Hay temporadas en las que no tenemos suerte con los libros que nos ponemos a leer. Los abrimos con ilusión pero, a las pocas páginas, se nos hace muy cuesta arriba su lectura. A veces no sabemos exactamente por qué razón se nos hacen tan fatigosos, por qué, cuando por fin tenemos tiempo para volver a ellos, no nos hace ninguna ilusión, y preferimos sentarnos frente al ordenador, encender la tele, ojear una revista... Son libros que nos dejan indiferentes, que no nos parecen ni malos ni buenos. Y estoy persuadido de que, la mayor parte de las veces, la culpa no es suya sino nuestra.
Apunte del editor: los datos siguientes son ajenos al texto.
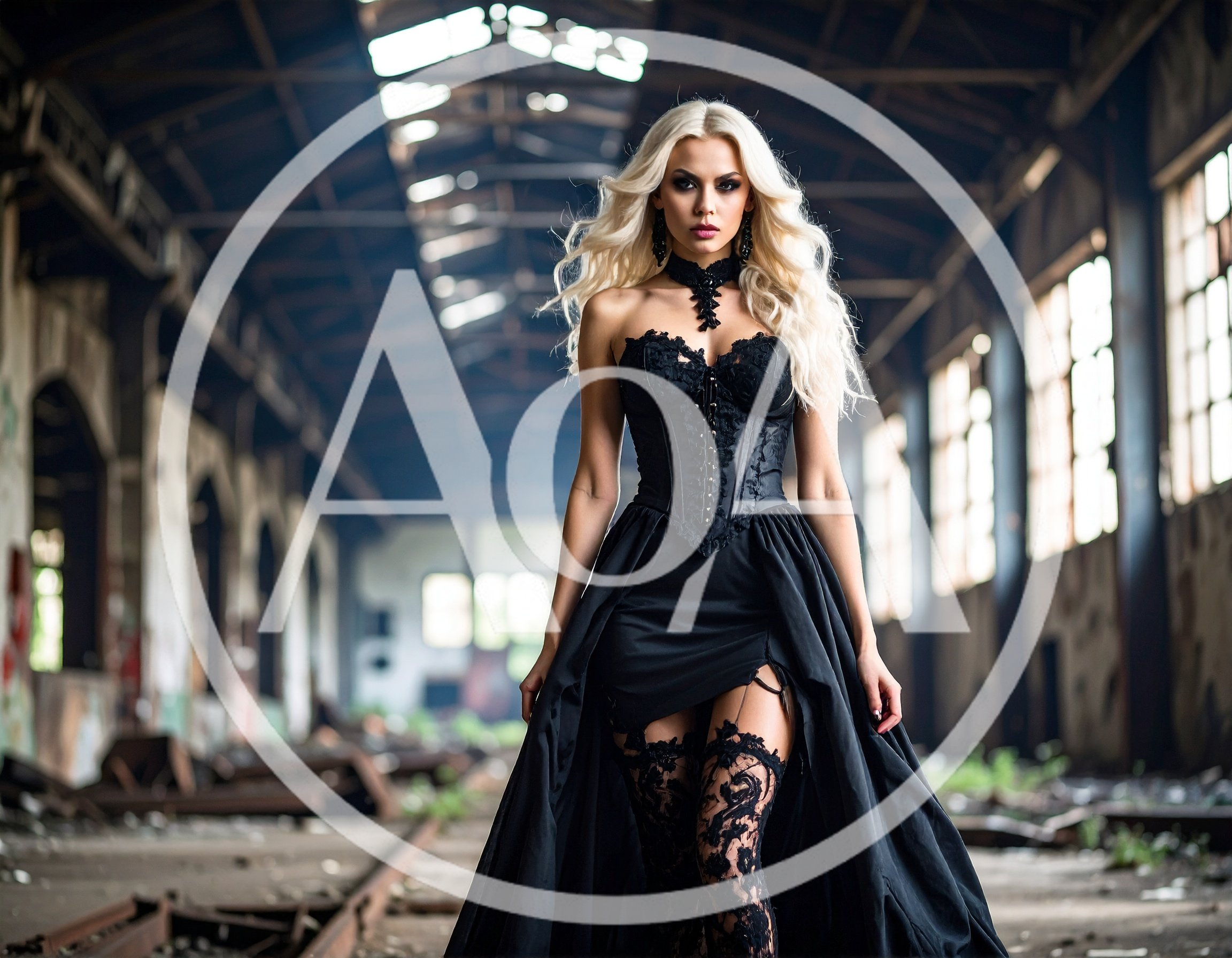 Blonde Woman In Gothic Corset Dress In Abandoned Warehouse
Hubo un tiempo en que, pese a todo, trabajosamente, los terminábamos, obligándonos a llegar hasta la última página, por mucho que nos costase. Pero creo que fue con el Ulises cuando me paré, y me dije que qué era lo que estaba haciendo, que cómo era tan gilipollas... Ahora, si un libro me disgusta, lo dejó sin remordimiento alguno, sin piedad, sin mirar atrás.
Hace bien poco tuvimos que sufrir una de estas temporadas cenicientas y tristes. Nos sucedió con tres libros seguidos. Dos los habíamos comprado nosotros y el tercero nos los prestó un amigo.
"Días bajo el cielo" es uno de esos tomos que nos gustan mucho, en octavo, para llevar por ahí en el bolsillo. Acompañan ese sueño de rentista ocioso que albergamos cada vez que cubrimos la quiniela. Nos pasaríamos la vida por ahí, de viaje, de paseo, y en el bolsillo de la gabardina -porque en ese sueño recurrente nuestro siempre es otoño, y llueve- llevaríamos un libro de ese tamaño y de esa naturaleza, una miscelánea de aforismos, apuntes diarísticos, pequeños artículos, algunos versos... Sin embargo, no sé la razón, a este que digo aquí no le hemos encontrado el encanto que nos pareció adivinar en él cuando lo hojeamos en la librería. No sé, algunas anotaciones son bonitas ( "¿Qué puedes darme, agosto, si por tus campos libres solo quedan en flor los cardos?"; "Escribir: volar dejando un rastro"; "Hoy la ermita ya no tenía veleta. ¿Desprendida? ¿Robada? Tal vez aburrida de su vida ermitaña, se dejó llevar por el primer aire que sopló y después no supo orientarse"; "Ser leve y dejar huella, igual que los gorriones en la nieve") pero la imagen virgiliana que retrata, no sé por qué, no nos ha seducido lo suficiente.
"El tiempo baldío", de una editorial recién inaugurada, me costó conseguirlo. En la Fnac de Oviedo lo tenían, pero no sabían dónde. Me pidieron mi número de teléfono y prometieron que, cuando al fin lo hallasen, me llamarían. Pero se ve que aún siguen buscándolo, porque todavía no he recibido esa llamada. Como ya me barruntaba algo así, lo pedí en una librería de mi pueblo, que aunque no lo tenía, me lo consiguió en unas horas. Pero, lamento decirlo, no merecía tantos desvelos. La edición es bonita, pero lo que se cuenta dentro nos ha dejado más fríos que los crudos inviernos de Tineo, y, en ocasiones, como el cuento final, un poco enfadados. ¿De verdad que era necesario publicar un cuento así?
Me acordé del aforismo de Eder: "Los libros cuando son malos son muy caros, y cuando son buenos una ganga". A mí estos dos no me han salido ni caros ni baratos.
"Los libros son tímidos", de una escritora italiana, que es el que me prestó mi amigo, no anunciaba nada bueno desde el mismo título. Sin embargo, después de los dos anteriores, me encontró un poco aturdido y caí en la trampa de lo que decía la solapa, que la voz de ese libro era muy parecida a la de Natalia Ginzburg. ¡Ja! Supongo que el editor consideró suficiente el hecho de que las dos sean mujeres e italianas para juntarlas en esas líneas de presentación. No pasé de la página treinta. Con una redacción redicha y fatigosa, cuenta sus experiencias lectoras de un modo tan envarado y aburrido que ya caí en la desesperación más absoluta.